Flying Cars and Ne’ilah

Flying Cars and Ne’ilah

Rabbi Sam Cohon, Congregation Beit Simcha, Tucson, Yom Kippur 5784

 

And now, Chitty Chitty Bang Bang is on the way.  I don’t know how many of you saw the news article this past summer.  It said that the Alef Flying Car has received pre-approval from the FAA, the Federal Aviation Administration.  It is now possible to preorder the Alef Flying Car on their website for delivery in… 2025? 2026? 2030, perhaps?  Who knows, exactly?

 

Apparently, this car can be driven on streets like a regular car, but if you encounter serious traffic, you can literally take off straight up and fly over it.  No one online seems to know why it is called the Alef car—well, we can guess; there aren’t a lot of Bet or Gimmel flying cars out there yet, now are there?—but if you wish to put in a pre-order for this fabulous new vehicle, you can do so and be part of what the website says is the “general queue” for only $150; if you insist on being in the “priority queue” it will set you back $1500.

 

Oh, Brave New World that has such inventions in it…  It’s almost as though there is something divine in the technology.  Soon, perhaps, or maybe not so soon, we will all be able to soar high in the sky in our very own Alef cars, rise above our congested city streets and be pilots of our own destiny.

 

I’m not convinced that this will occur as soon as the investors in the Alef Aeronautics company are, but I do hope to see it.  It sounds fantastic, at least right up until the first time two people in their Jetsons-style flying cars turn into each other and crash down to earth…

 

But as we approach Ne’ilah that vision of being able to fly upwards in our very own cars is quite attractive.  I mean, we have been praying and fasting and singing and beating our breasts for 23 hours or so now, seeking forgiveness for all we have done wrong and hoping to be better people going forward.  Our stomachs are empty, but if we have managed to do this well then perhaps our hearts are full, and we are achieving a level of spiritual elevation, reaching up towards the Shechinah, the divine presence, in the quest of a full teshuvah gemurah, a true repentance.  It’s a little like having our own personal vehicles to rise above our normal state and accomplish all that we have sought throughout these yamim nora’im, these High Holy Days.   

 

I have sometimes thought about Ne’ilah as a kind of flying experience, when you let all you have left in you out to God.  I always imagined Ne’ilah as a bird, a tzipor, rising in this late hour of the day towards the heavens, as we wish our prayers and our repentance to elevate our own souls towards God.  But why not a flying car?  Because God knows we need all the elevation we can get at this final hour of the Day of Atonement.

 

There is a famous story about the Ba’al Shem Tov, the founder of Chasidism.  One Yom Kippur, the Baal Shem Tov was praying together with his students, and he had a worrying sense that the prayers were not getting through, and the harsh Heavenly Decree against the Jewish people was not being overturned.  He felt as though the synagogue building itself was becoming crowded with the unanswered prayers of the congregation.  As Ne’ilah approached, and with it the final opportunity for the Jewish people to avert this harsh judgement, he and his students increased their fervor and passion in their prayers, but to no avail.

 

As the chazzan began the Ne’ilah service a simple shepherd boy wandered into shul to pray.
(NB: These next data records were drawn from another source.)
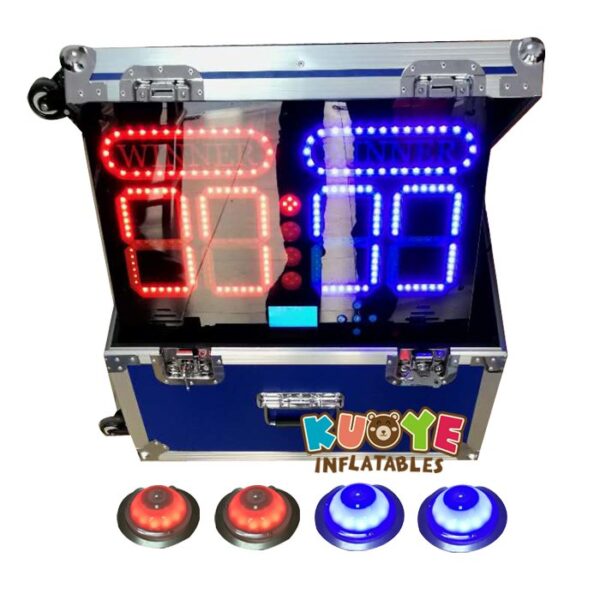 Interactive-Play-System1.jpg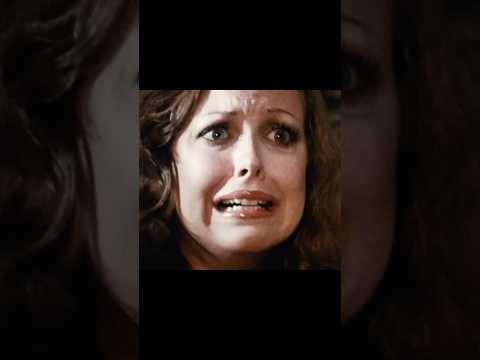 Can you guess the ending?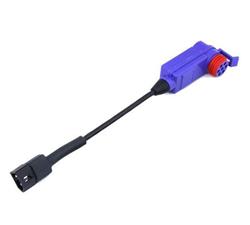 Racepak Data Systems Data Acquisition Components 220-VP-TBRAKE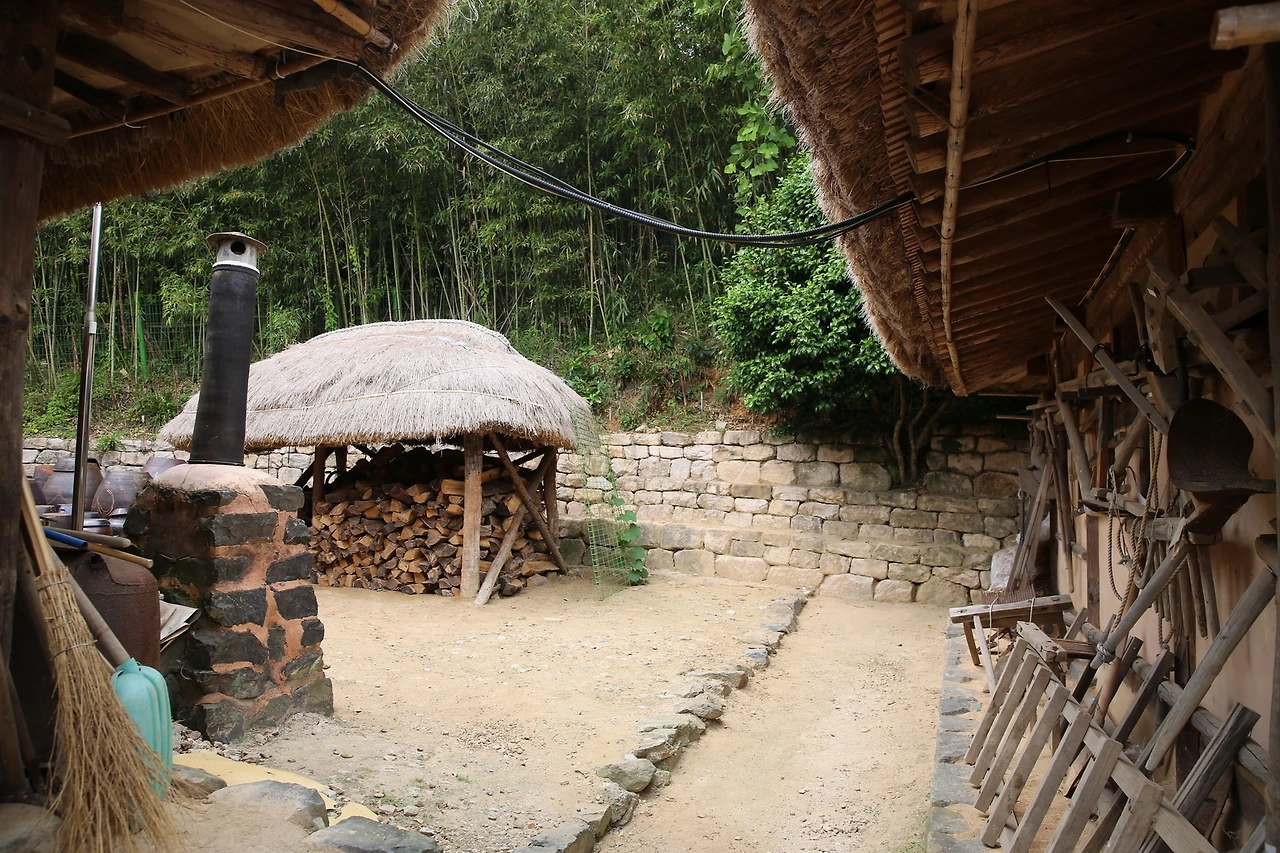 MG0A6937_новый размер.JPG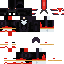 Texture for d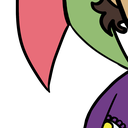 kKo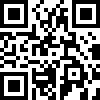 https://isna.ir/xdTPfF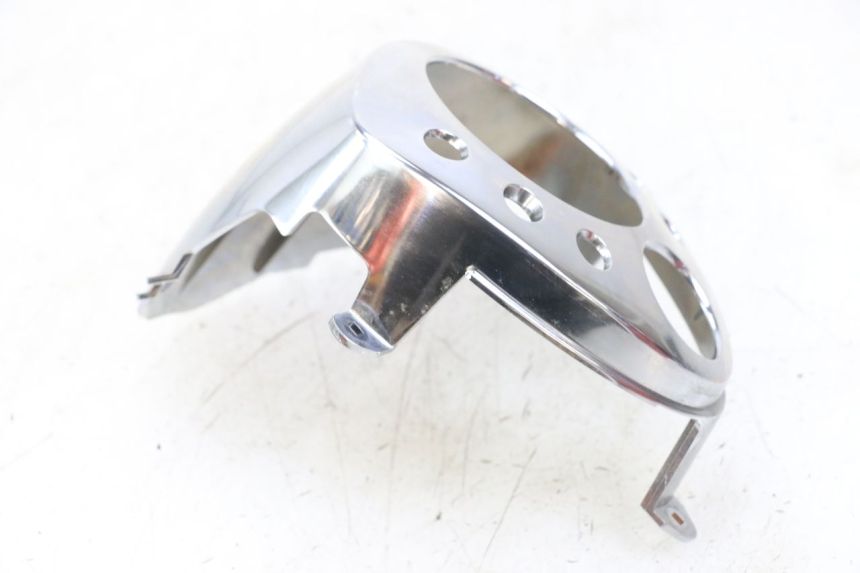 photo de ENTOURAGE COMPTEUR HONDA NES AROBASE 125 (2000 - 2003)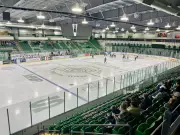 Senior Women's Hockey League Eyes Manitoba Expansion for Competitive Play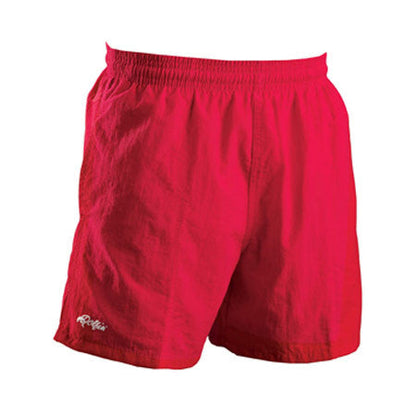 DOLFIN Little Dolfins Youth Water Short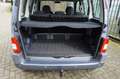Peugeot Partner MPV 1.6-16V XT Airco Grijs - thumbnail 13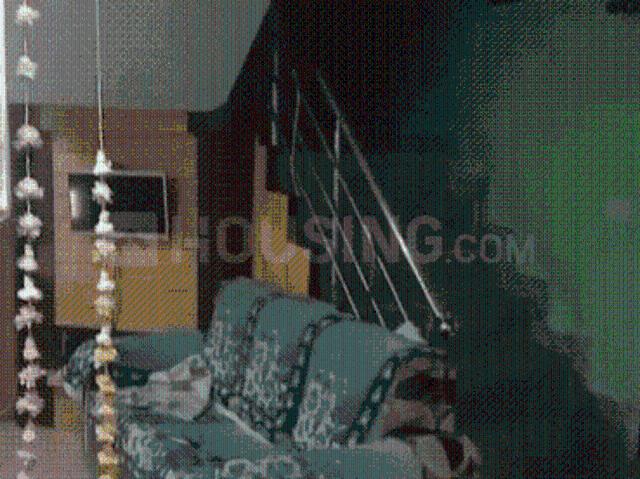 4 BHK Villa in Hoshangabad Road for resale Bhopal. The reference number is 19665756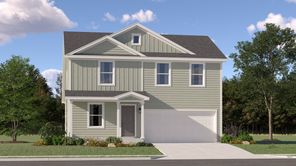 2474 W Bee Balm St (Hawthorn 1874)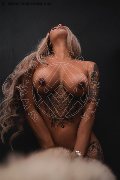 Foto Immagine Hot Ninfetta Geovanna Transescort Napoli 3801595287 - 2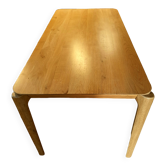 Etnicraft table book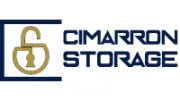 Cimarron Storage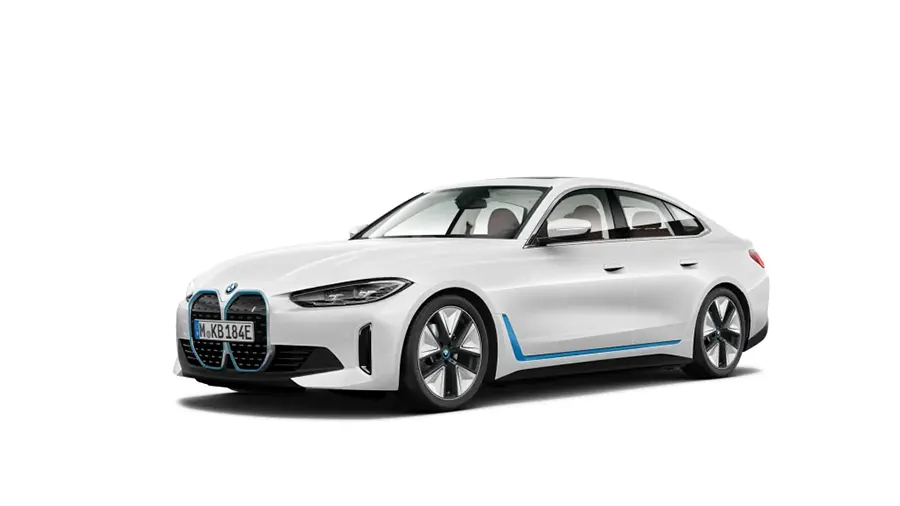 bmw-i4-tinbanxe-mau-bac.png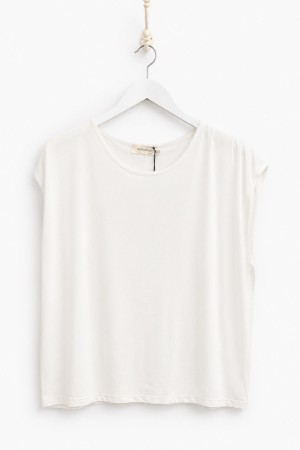 CAMISETA BÁSICA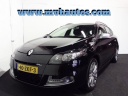 renault-megane-estate-15-dci-gtline-nw-db-riem-banden-remmen-accu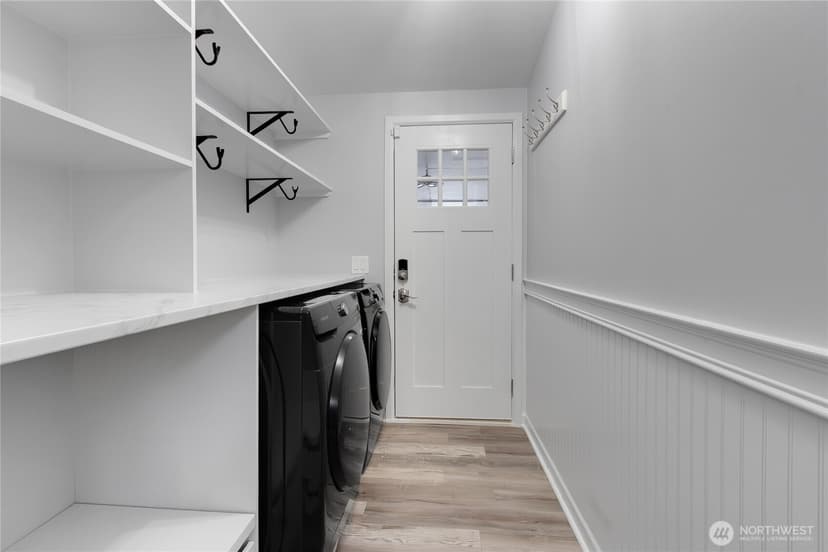 Property photo for 602 29th Street SE #3, Auburn photo 21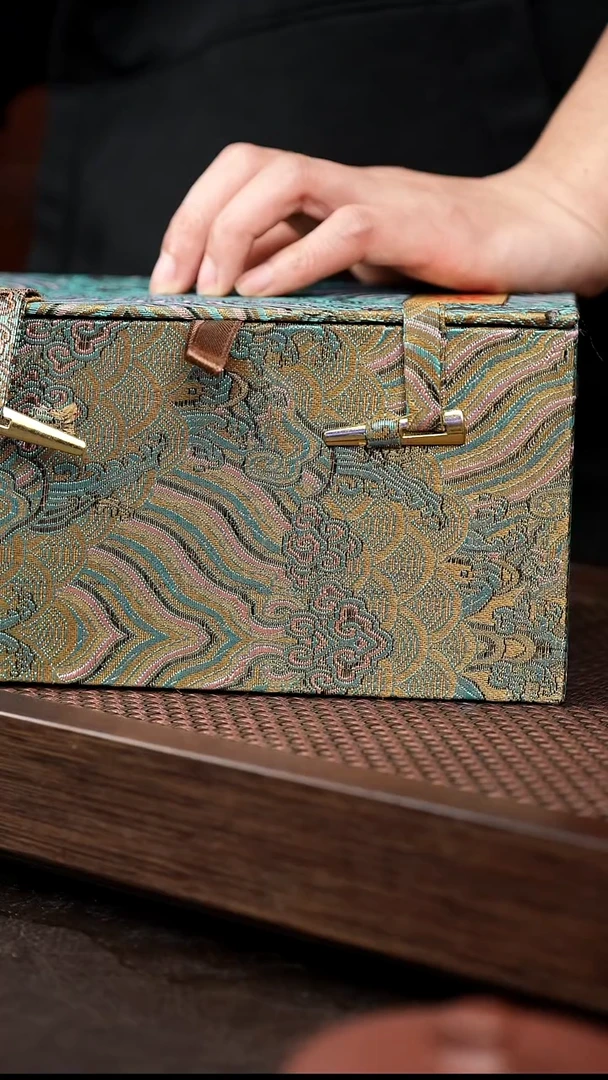 茶壶紫砂天青汉瓦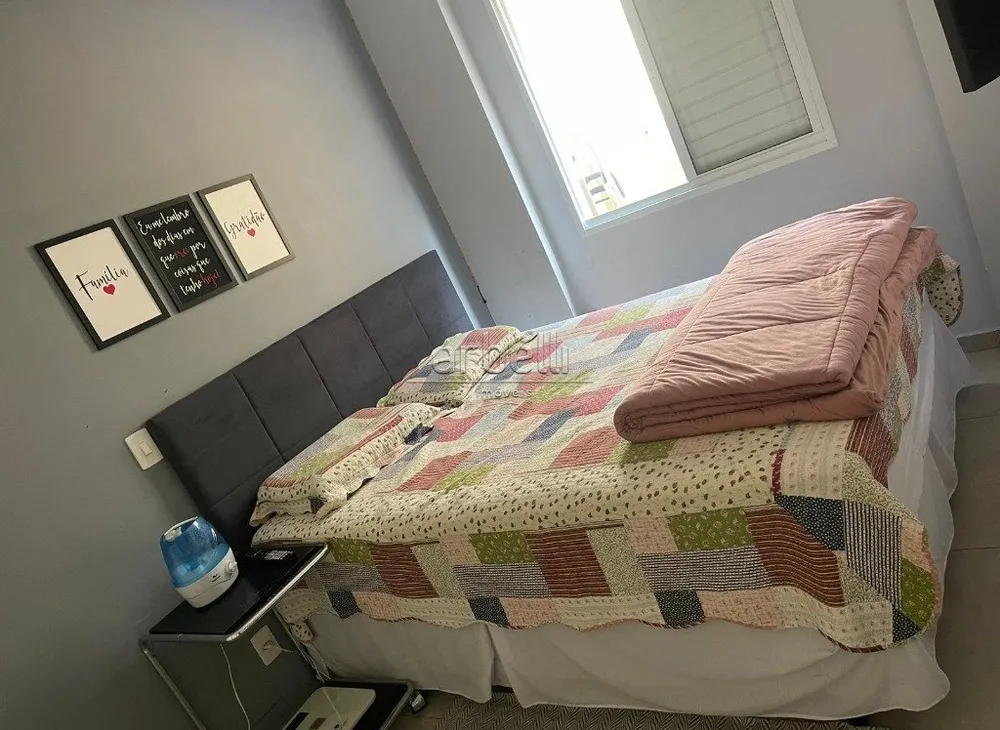 Apartamento, 2 quartos, 70 m² - Foto 16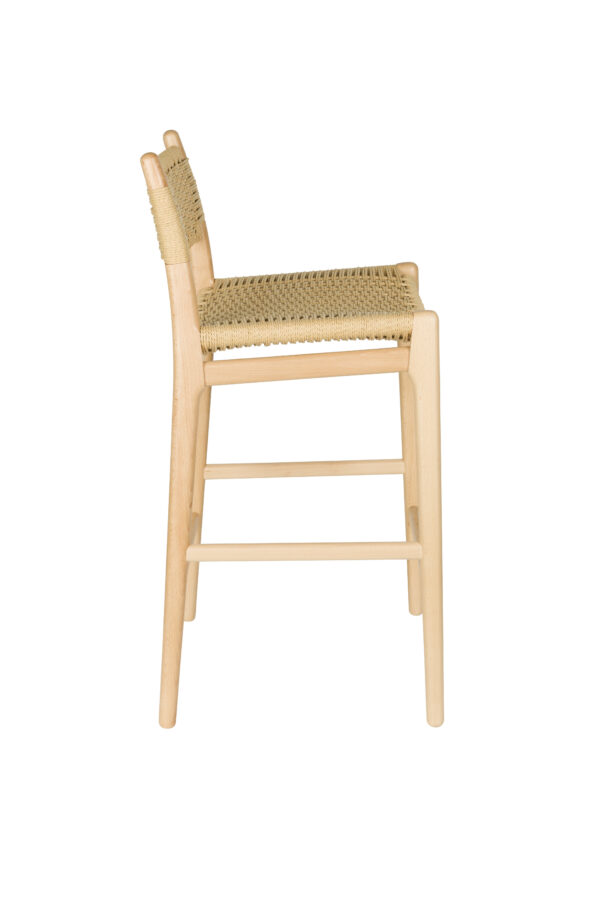 Dutchbone baaripukk Cecile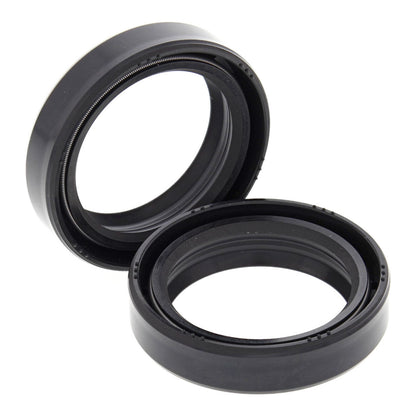 Fork Seal Kit 36x48x10.5B 33-129-00 55-109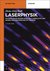 E-Book Laserphysik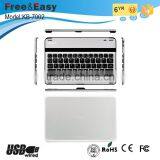 Bluetooth Interface Type and Wireless Type Bluetooth Keyboard thumbnail-3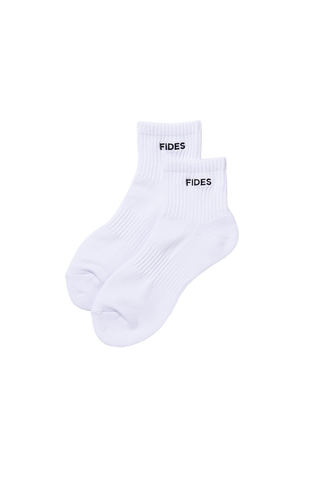 SHORT SOCKS – FIDES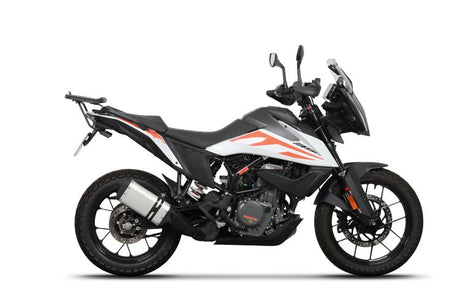 Shad Attacco Bauletto Top Master KTM DUKE 390 ADVENTURE 2020 K0DK30ST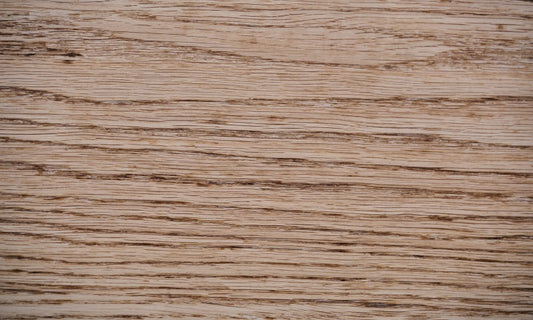 Fox Rolled Hardwood Furniture Rubber Flooring Mat Photography Designed by JT photography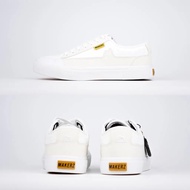 MAKERZ OL ASAS PURNAMA T2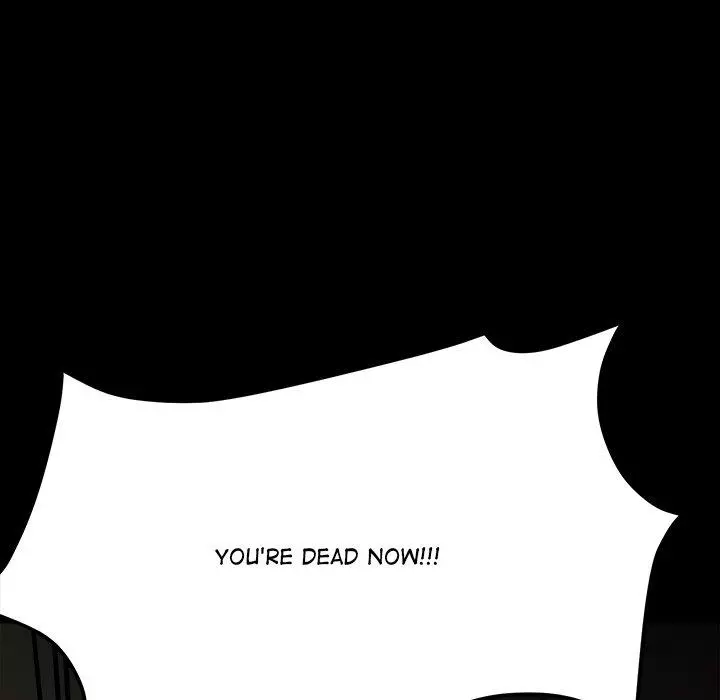 The Villain Chapter 84 page 8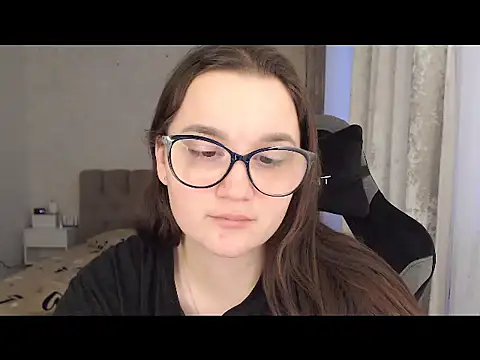 Snapshot of Amy_Mur_ chatting on February 2026 01:52:02 PM Amy Mur online show from February 2026 01:52:02 PM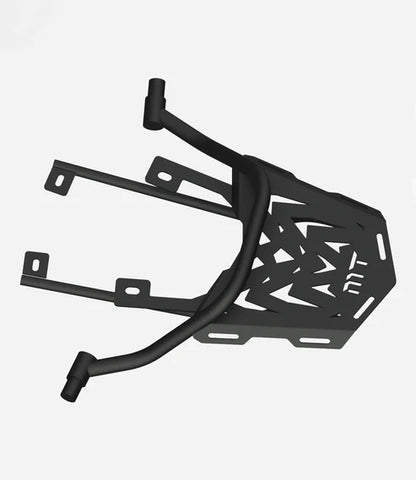 Yamaha MT15 - Back Carrier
But he could barely read the letters of the Aleph-Beit, let alone say all the words in the machzor. Feeling helpless, he opened the first page of his siddur and recited: aleph, beit, veit, gimmel, daled. He said to God in his heart: “This is all I can do. God, You know how the prayers should be pronounced. Please, arrange the letters in the proper way.”

 

Louder and louder, with more and more intensity he recited the letters. Hey, vav, zayin, chet… the people around him began to mutter, complaining he was disturbing their prayers. But the Baal Shem Tov immediately silenced them, and declared for everyone to hear that “because of this boy’s prayers the gates to heaven are wedged open for the last few minutes of Yom Kippur, allowing our prayers in.” So it was on that Yom Kippur, that the simple, genuine prayers of a young shepherd boy who couldn’t read, resounded powerfully within the Heavenly court, and saved the Jewish people. 

 

My friends, if you can or can’t read the Hebrew perfectly, whether or not you know the nigun, the nusach for Ne’ilah, if have the strength and health to stand or must sit, if you cannot fast or fasted completely, you can still receive the magical elevation intrinsic to Ne’ilah.  Put your minds and hearts and grumbling stomachs to one final task, now: to allow your souls to take flight in this beautiful service of Ne’ilah, the last effort before the Gates of Repentance metaphoric close for this Yom Kippur.

 

May your own prayers help you to fly high in this coming hour; and may you be sealed in the Book of Life, blessing and peace.